REQUIRED ACTION: Repeat every record word for word and omit the images.

SUPPLIED MATERIAL:

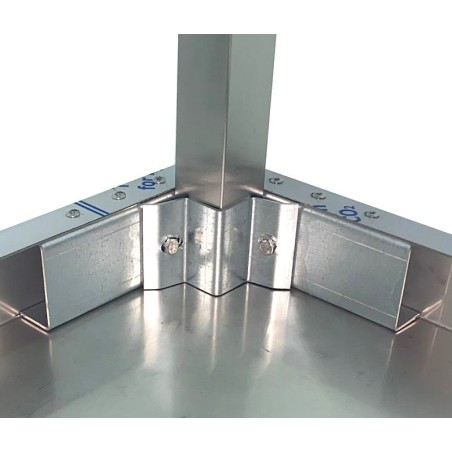 Mesa central baja acero inox con estante 1000x700x600mm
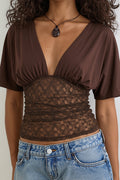 Batwing Lace Splicing Elegant Blouse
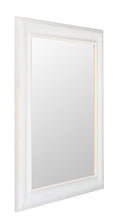 MO.WA Specchio da Parete 66x86, cornice legno bianco sbiancato shabby, specchiera rettangolare parete muro, Made in Italy.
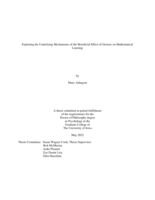 Exploring the underlying mechanisms of the beneficial effect of gesture on mathematical learning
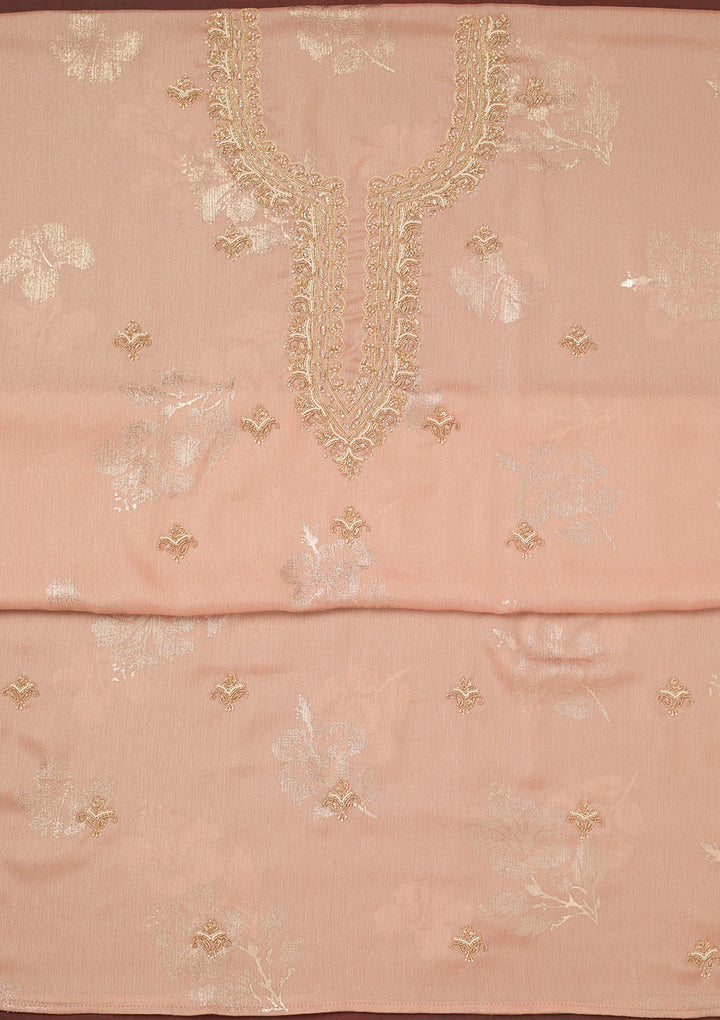 Baby Pink Cutdana Chinon Unstitched Salwar Suit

ANSWER TO THE PROBLEM:
 Mesa central baja acero inox con estante 1000x700x600mm
 Batwing Lace Splicing Elegant Blouse
 MO.WA Specchio da Parete 66x86, cornice legno bianco sbiancato shabby, specchiera rettangolare parete muro, Made in Italy.
 Exploring the underlying mechanisms of the beneficial effect of gesture on mathematical learning
 Baby Pink Cutdana Chinon Unstitched Salwar Suit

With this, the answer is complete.